The walk is hard-bounded: a maximum hop depth, a maximum total node count, and a maximum per-hop frontier width (so a hub node cannot explode it). It reuses the single-hop SSRF guard, per-peer cache and rate-limit, so deeper queries can never hammer a peer. Like single-hop, it is fail-soft and never errors.
The live-query model
This is live cross-peer querying, not harvest-and-cache. Peers are queried
on demand at request time. For each active peer, Heratio fetches
{peer.base_url}/api/v1/graph/{ref}.jsonld and parses the returned
neighbourhood. There is no local copy of the peer graph kept between
requests beyond a short protective cache (below).
Active peers come from the federation_member registry: members that are
enabled (is_enabled = 1), are not the local self-member (is_self = 0), and
carry a usable base_url.
Rights and scope
Each peer's /api/v1/graph endpoint already returns only its public,
published data (its own publication-status gate). Heratio trusts the peer's
filtering and never attempts to fetch non-public peer data.
Safety
- SSRF guard. Every peer URL is checked before any HTTP call.
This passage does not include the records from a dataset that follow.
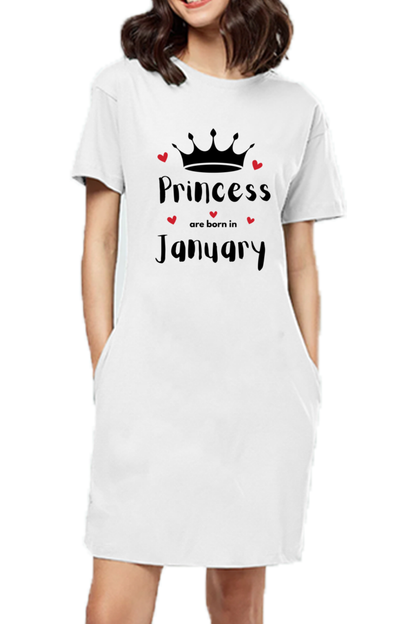 Female T-Shirt Long Dress With Pocket l Female Birthday Dress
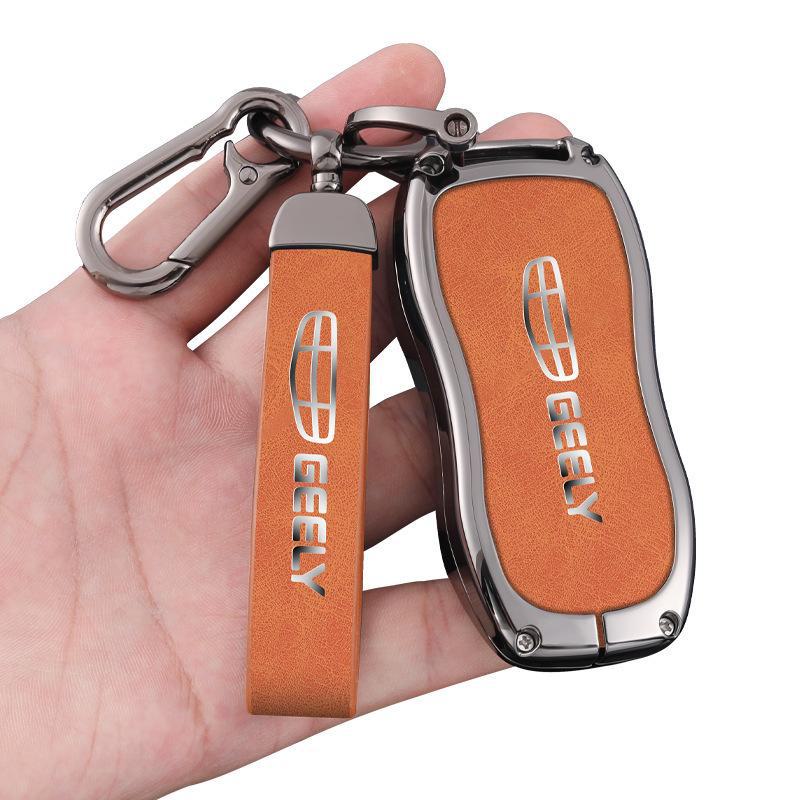 Подходит: Чехол для ключа Geely Emgrand - Xingrui, Xingyue L, Binrui Cool, Boyue, Binyue GS, GL Полный комплект, Металлическая пряжка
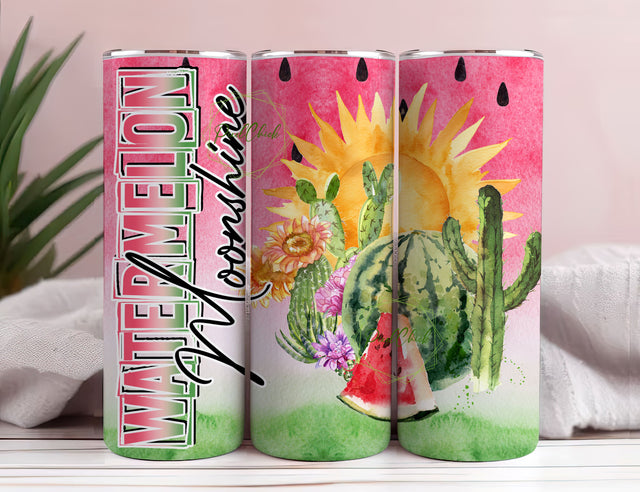 Watermelon Moonshine 20 oz Skinny Tumbler Sublimation Design Digital Download PNG Sublimation PixelChick 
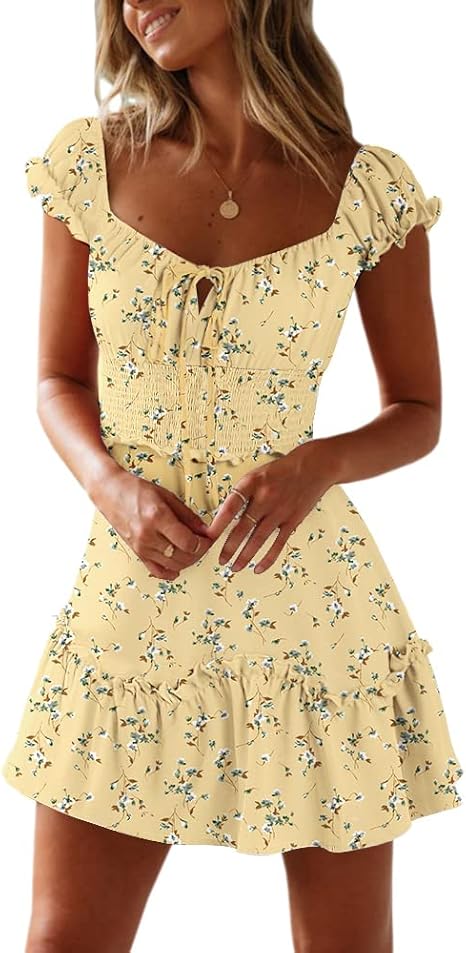 Women's Summer Ruffle Sleeve Sweetheart Neck Printed Dress Mini Dress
The guard
rejects the cloud-metadata endpoints (
169.254.169.254,metadata.google.internal,metadata.internal), loopback, link-local, and private/reserved IP ranges, and only allowshttp/https. Redirects are not followed, so a peer cannot bounce the fetch to an internal host. The guard is a replica of the one in the federated search service. - Per-peer timeout. Each peer fetch has a short timeout (5s). A peer that
errors, times out, or is blocked is skipped and noted in
warnings- it is never fatal. - Fail soft. A dead peer, zero peers, or an internal error returns just the local graph plus warnings - never a 500.
- Rate limit. A short per-peer cool-down (a couple of seconds) plus a short per-(peer, reference) cache (5 minutes) stop a graph walk from hammering a peer. A peer inside its cool-down with no cached graph is skipped with a rate-limit warning.
Scope of this increment / follow-ups
This first increment is deliberately limited to live graph aggregation for one entity. The following are explicit follow-ups, not built here:
- Peer-discovery crawling and protocol negotiation.
- A dedicated
federation_peer_configtable (per-peer graph settings). - Multi-hop / transitive graph expansion across peers.